Kawałek czasu temu, wraz z upowszechnieniem internetu, do arsenału marketingowców trafiła kolejna broń - Viral Marketing. Po polsku brzmiało by to chyba - marketing wirusowy. Zasada jest prosta. My was rozbawimy naszą reklama, a wy poślecie ją dalej... Zakażony dowcipem speców od reklamy staje się nosicielem.
Pamiętacie Kononowicza?
Stał się popularny na tej samej zasadzie. Zapewne wielu czytelników padło jego ofiarą, odkrywając po kilu dniach nieobecności w mailu, kilkanaście(-dziesiąt?) wiadomości z linkami do YouTube, lub filmikami w załącznikach. Ten nasz swojski przykład "Viral Marketingu" stworzony został przez pewnego domorosłego PRowca, co nie mógł się utrzymać w żadnej uczciwej robocie. W ostatecznym rozrachunku, ktoś jednak na tym zyskał... dwa miliony uśmiechniętych polaków i "Grupa Operacyjna", która nagrała zabawny kawałek, ku czci Wodza Konana.

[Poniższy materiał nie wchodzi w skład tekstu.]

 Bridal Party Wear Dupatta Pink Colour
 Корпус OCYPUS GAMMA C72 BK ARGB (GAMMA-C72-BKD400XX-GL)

Pomysł ma się dobrze na całym świecie, czasem zmuszając do zablokowania nadawcy, a czasem powodując niekontrolowane wybuchy śmiechu u odbiorcy. Ja ryknąłem śmiechem płosząc ptaki, brata i sąsiadów, gdy odkryłem co mi w komentarzach podrzucił Unicorn. Zaraziłem się tym marketingowym wirusem i właśnie planuję was nim potraktować.
Sam filmik filmik skomentuję krótko, poważniejszym tonem - POZORY MYLĄ. Dodam jeszcze za Unicornem, aby nie pokazywać tego dzieciom... tylko poczatek wygląda jak Muppet Show.
Napis na końcu brzmi:
Jeśli musielibyśmy zrobić kanał dla dzieci, zrobilibyśmy go właśnie tak. 13eme RUE - kanał kryminalny
ps. Co ja tak ostatnio o tych wirusach?